Task directions >> Transcribe each record below character for character.

Records for the exercise >>
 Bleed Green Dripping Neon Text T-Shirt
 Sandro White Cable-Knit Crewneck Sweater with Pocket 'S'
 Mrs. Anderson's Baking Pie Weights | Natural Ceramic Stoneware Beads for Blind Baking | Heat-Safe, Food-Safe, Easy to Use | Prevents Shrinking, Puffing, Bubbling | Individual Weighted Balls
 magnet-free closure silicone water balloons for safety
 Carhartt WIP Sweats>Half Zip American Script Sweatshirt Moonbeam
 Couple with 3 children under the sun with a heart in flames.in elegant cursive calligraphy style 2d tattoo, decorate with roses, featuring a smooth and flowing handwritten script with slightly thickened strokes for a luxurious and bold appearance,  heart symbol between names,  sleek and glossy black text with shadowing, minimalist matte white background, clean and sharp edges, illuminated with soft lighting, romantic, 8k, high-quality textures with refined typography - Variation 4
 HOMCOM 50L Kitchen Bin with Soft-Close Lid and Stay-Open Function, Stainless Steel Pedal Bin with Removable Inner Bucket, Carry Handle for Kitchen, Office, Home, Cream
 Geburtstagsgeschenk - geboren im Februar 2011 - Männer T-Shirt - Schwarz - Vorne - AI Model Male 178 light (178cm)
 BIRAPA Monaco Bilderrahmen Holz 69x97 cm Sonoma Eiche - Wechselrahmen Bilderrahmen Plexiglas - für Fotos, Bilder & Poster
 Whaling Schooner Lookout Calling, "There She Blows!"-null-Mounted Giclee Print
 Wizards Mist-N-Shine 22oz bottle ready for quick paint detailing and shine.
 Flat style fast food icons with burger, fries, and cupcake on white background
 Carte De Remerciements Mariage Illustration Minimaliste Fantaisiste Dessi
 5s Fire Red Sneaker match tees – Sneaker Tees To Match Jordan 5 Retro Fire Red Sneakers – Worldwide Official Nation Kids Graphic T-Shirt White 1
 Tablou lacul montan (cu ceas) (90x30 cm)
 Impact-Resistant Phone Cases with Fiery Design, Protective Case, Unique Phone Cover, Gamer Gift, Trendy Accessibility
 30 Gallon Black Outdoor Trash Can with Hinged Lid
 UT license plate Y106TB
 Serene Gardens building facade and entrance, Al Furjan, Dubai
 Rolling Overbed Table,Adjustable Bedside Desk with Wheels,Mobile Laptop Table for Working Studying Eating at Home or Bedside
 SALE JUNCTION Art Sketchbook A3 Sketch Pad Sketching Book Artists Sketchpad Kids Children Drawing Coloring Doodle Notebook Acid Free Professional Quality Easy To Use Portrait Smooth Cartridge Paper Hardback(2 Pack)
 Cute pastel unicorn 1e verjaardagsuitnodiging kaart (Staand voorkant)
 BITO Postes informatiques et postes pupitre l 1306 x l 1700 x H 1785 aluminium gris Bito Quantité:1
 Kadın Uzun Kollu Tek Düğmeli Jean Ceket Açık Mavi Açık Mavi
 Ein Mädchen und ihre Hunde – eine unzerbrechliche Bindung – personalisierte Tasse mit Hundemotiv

Problem solution >>
 Bleed Green Dripping Neon Text T-Shirt
 Sandro White Cable-Knit Crewneck Sweater with Pocket 'S'
 Mrs. Anderson's Baking Pie Weights | Natural Ceramic Stoneware Beads for Blind Baking | Heat-Safe, Food-Safe, Easy to Use | Prevents Shrinking, Puffing, Bubbling | Individual Weighted Balls
 magnet-free closure silicone water balloons for safety
 Carhartt WIP Sweats>Half Zip American Script Sweatshirt Moonbeam
 Couple with 3 children under the sun with a heart in flames.in elegant cursive calligraphy style 2d tattoo, decorate with roses, featuring a smooth and flowing handwritten script with slightly thickened strokes for a luxurious and bold appearance,  heart symbol between names,  sleek and glossy black text with shadowing, minimalist matte white background, clean and sharp edges, illuminated with soft lighting, romantic, 8k, high-quality textures with refined typography - Variation 4
 HOMCOM 50L Kitchen Bin with Soft-Close Lid and Stay-Open Function, Stainless Steel Pedal Bin with Removable Inner Bucket, Carry Handle for Kitchen, Office, Home, Cream
 Geburtstagsgeschenk - geboren im Februar 2011 - Männer T-Shirt - Schwarz - Vorne - AI Model Male 178 light (178cm)
 BIRAPA Monaco Bilderrahmen Holz 69x97 cm Sonoma Eiche - Wechselrahmen Bilderrahmen Plexiglas - für Fotos, Bilder & Poster
 Whaling Schooner Lookout Calling, "There She Blows!"-null-Mounted Giclee Print
 Wizards Mist-N-Shine 22oz bottle ready for quick paint detailing and shine.
 Flat style fast food icons with burger, fries, and cupcake on white background
 Carte De Remerciements Mariage Illustration Minimaliste Fantaisiste Dessi
 5s Fire Red Sneaker match tees – Sneaker Tees To Match Jordan 5 Retro Fire Red Sneakers – Worldwide Official Nation Kids Graphic T-Shirt White 1
 Tablou lacul montan (cu ceas) (90x30 cm)
 Impact-Resistant Phone Cases with Fiery Design, Protective Case, Unique Phone Cover, Gamer Gift, Trendy Accessibility
 30 Gallon Black Outdoor Trash Can with Hinged Lid
 UT license plate Y106TB
 Serene Gardens building facade and entrance, Al Furjan, Dubai
 Rolling Overbed Table,Adjustable Bedside Desk with Wheels,Mobile Laptop Table for Working Studying Eating at Home or Bedside
 SALE JUNCTION Art Sketchbook A3 Sketch Pad Sketching Book Artists Sketchpad Kids Children Drawing Coloring Doodle Notebook Acid Free Professional Quality Easy To Use Portrait Smooth Cartridge Paper Hardback(2 Pack)
 Cute pastel unicorn 1e verjaardagsuitnodiging kaart (Staand voorkant)
 BITO Postes informatiques et postes pupitre l 1306 x l 1700 x H 1785 aluminium gris Bito Quantité:1
 Kadın Uzun Kollu Tek Düğmeli Jean Ceket Açık Mavi Açık Mavi
 Ein Mädchen und ihre Hunde – eine unzerbrechliche Bindung – personalisierte Tasse mit Hundemotiv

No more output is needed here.